Parser
The parser we are going to construct is called a recursive descent parser, it is the manual process of going down the grammar and building up the AST.
The parser starts simple, it holds the source code, the lexer, and the current token consumed from the lexer.
pub struct Parser<'a> {
/// Source Code
source: &'a str,
lexer: Lexer<'a>,
/// Current Token consumed from the lexer
cur_token: Token,
/// The end range of the previous token
prev_token_end: usize,
}
impl<'a> Parser<'a> {
pub fn new(source: &'a str) -> Self {
Self {
source,
lexer: Lexer::new(source),
cur_token: Token::default(),
}
}
pub fn parse(&mut self) -> Program<'a> {
Ok(Program {
node: Node {
start: 0,
end: self.source.len(),
}
body: vec![]
})
}
}
Helper functions
The current token cur_token: Token
holds the current token returned from the lexer.

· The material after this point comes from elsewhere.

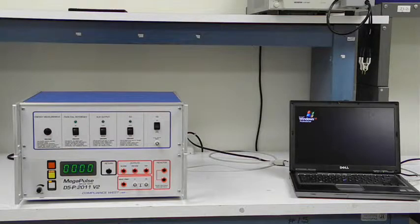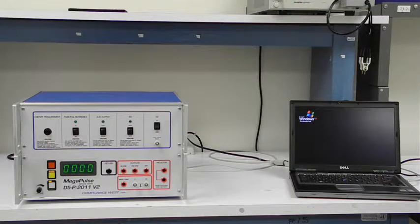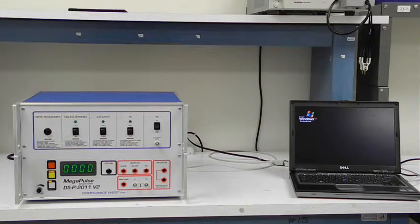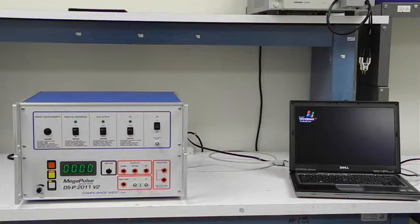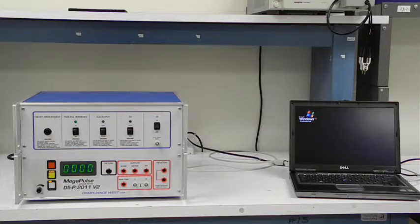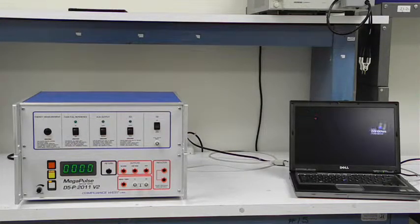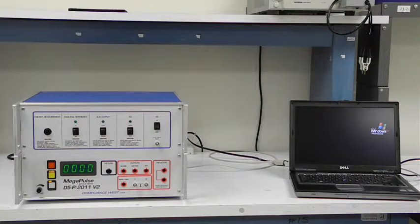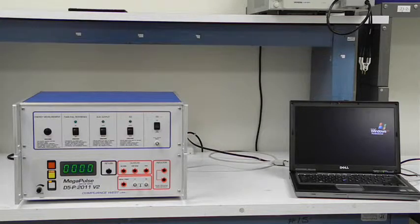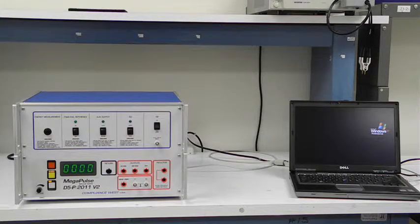The test is conducted by connecting each patient connection or applied part in turn to the output of the defibrillation test equipment, with all other patient connections and applied parts connected to ground.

We'll make the parser code cleaner by adding some helper functions for navigating and inspecting this token.
impl<'a> Parser<'a> {
fn start_node(&self) -> Node {
let token = self.cur_token();
Node::new(token.start, 0)
}
fn finish_node(&self, node: Node) -> Node {
Node::new(node.start, self.prev_token_end)
}
fn cur_token(&self) -> &Token {
&self.cur_token
}
fn cur_kind(&self) -> Kind {
self.cur_token.kind
}
/// Checks if the current index has token `Kind`
fn at(&self, kind: Kind) -> bool {
self.cur_kind() == kind
}
/// Advance if we are at `Kind`
fn bump(&mut self, kind: Kind) {
if self.at(kind) {
self.advance();
}
}
/// Advance any token
fn bump_any(&mut self) {
self.advance();
}
/// Advance and return true if we are at `Kind`, return false otherwise
fn eat(&mut self, kind: Kind) -> bool {
if self.at(kind) {
self.advance();
return true;
}
false
}
/// Move to the next token
fn advance(&mut self) {
let token = self.lexer.next_token();
self.prev_token_end = self.cur_token.end;
self.cur_token = token;
}
}
Parse Functions
The DebuggerStatement
is the most simple statement to parse, so let's try and parse it and return a valid program
impl<'a> Parser<'a> {
pub fn parse(&mut self) -> Program {
let stmt = self.parse_debugger_statement();
let body = vec![stmt];
Program {
node: Node {
start: 0,
end: self.source.len(),
}
body,
}
}
fn parse_debugger_statement(&mut self) -> Statement {
let node = self.start_node();
// NOTE: the token returned from the lexer is `Kind::Debugger`, we'll fix this later.
self.bump_any();
Statement::DebuggerStatement {
node: self.finish_node(node),
}
}
}
All the other parse functions build on these primitive helper functions, for example parsing the while
statement in swc:
// https://github.com/swc-project/swc/blob/554b459e26b24202f66c3c58a110b3f26bbd13cd/crates/swc_ecma_parser/src/parser/stmt.rs#L952-L970
fn parse_while_stmt(&mut self) -> PResult<Stmt> {
let start = cur_pos!(self);
assert_and_bump!(self, "while");
expect!(self, '(');
let test = self.include_in_expr(true).parse_expr()?;
expect!(self, ')');
let ctx = Context {
is_break_allowed: true,
is_continue_allowed: true,
..self.ctx()
};
let body = self.with_ctx(ctx).parse_stmt(false).map(Box::new)?;
let span = span!(self, start);
Ok(Stmt::While(WhileStmt { span, test, body }))
}
Parsing Expressions
The grammar for expressions is deeply nested and recursive, which may cause stack overflow on long expressions (for example in this TypeScript test),
To avoid recursion, we can use a technique called "Pratt Parsing". A more in-depth tutorial can be found here, written by the author of Rust-Analyzer. And a Rust version here in Rome.
Lists
There are lots of places where we need to parse a list separated by a punctuation, for example [a, b, c]
or {a, b, c}
.
The code for parsing lists are all similar, we can use the template method pattern to avoid duplication by using traits.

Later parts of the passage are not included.